Church in Lakshapathiya, Moratuwa, Sri Lanka

St Matthias’ Church, is a church in Moratuwa in Sri Lanka. The church is located in Lakshapathiya approximately 1.1 km away from the Soysapura junction on Colombo-Galle main road (A2). It was consecrated on 24 February 1876 (St. Matthias’ Day) by Reginald Stephen Copleston, the fourth Bishop of Colombo.

==History==
The first church school in Lakshapathiya was opened in 1849, and the school building was used as the place for the church services on Sunday. In 1861, there was an idea to establish a church in Lakshapathiya when Abraham Mendis was appointed as the colonial Chaplain for Moratuwa area. After a few years, Mendis conceived the idea of having a day school festival and at that time there were only two schools namely Rawatawatte School and Laxapathiya School.
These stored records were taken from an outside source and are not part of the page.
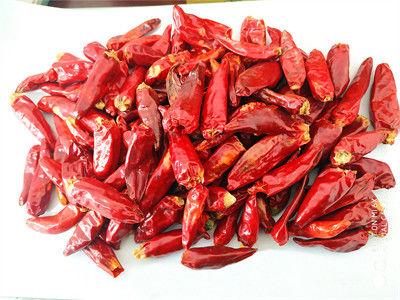 Getrocknete, ovale Vögel-Augen-Chilli, reich an Vitamin C, zum Kochen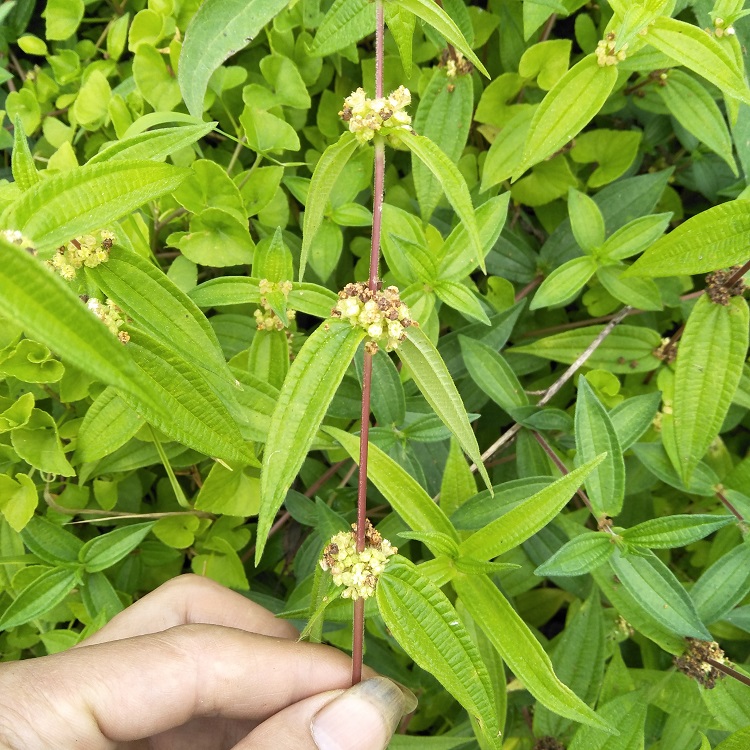 生扯拢草药图片大全图片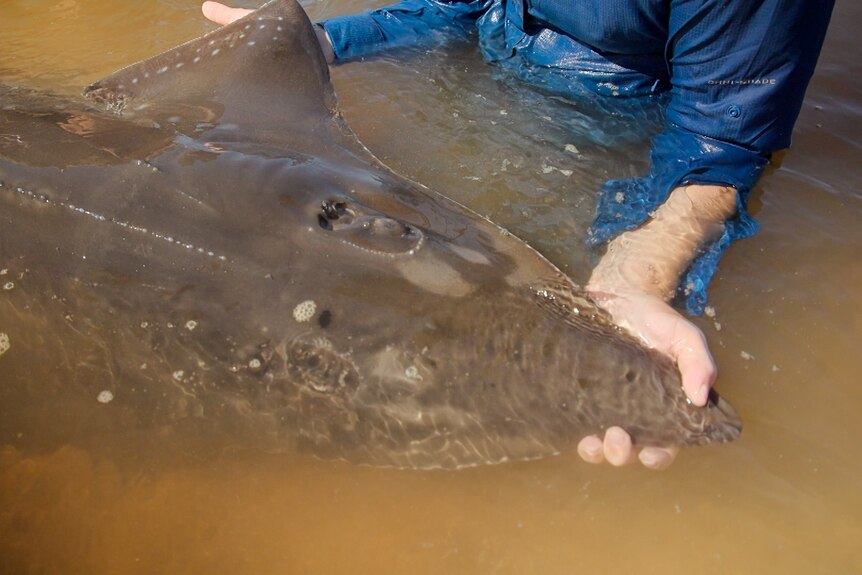 A pair of hands hold up a dark grey ray with fins in muddy water.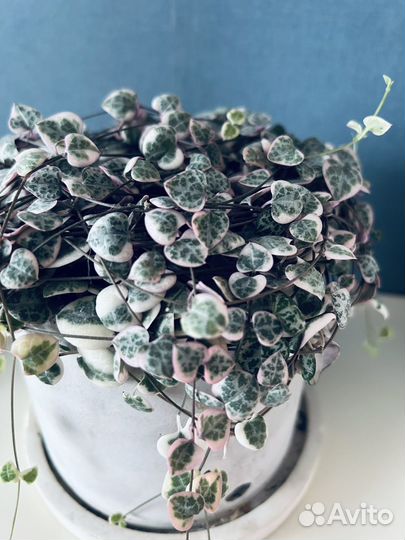 Церопегия Вуди вариегатная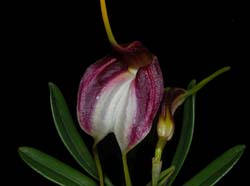 masdevallia_schroederiana_fulvescens_ws_cd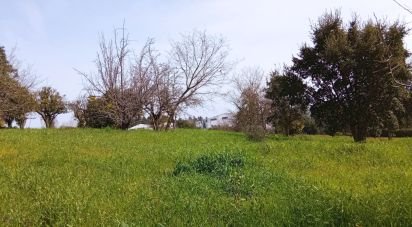 Terrain à Santa Eufémia e Boa Vista de 6 000 m²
On 15 December 1869 the school festival was taken place and at the occasion Charles Henry de Soysa, a Ceylonese entrepreneur and philanthropist, agreed to assist in building a new church for the village.

The foundation stone for the church in Lakshapthiya was laid on 24 February 1872 by Hugh Willoughby Jermyn, the third Bishop of Colombo. A bottle containing different coins of Ceylon and an inscription engraved on a metal plate were also laid with the foundation stone. The occasion was attended by the chaplain Mendis, Rev. J. Bacon, Mudaliyar Susew de Soysa, and de Soysa. By the end of 1875 the construction work was completed and the church was consecrated on 24 February 1876, St. Matthias’ Day, by the Bishop of Colombo, Reginald Stephen Copleston.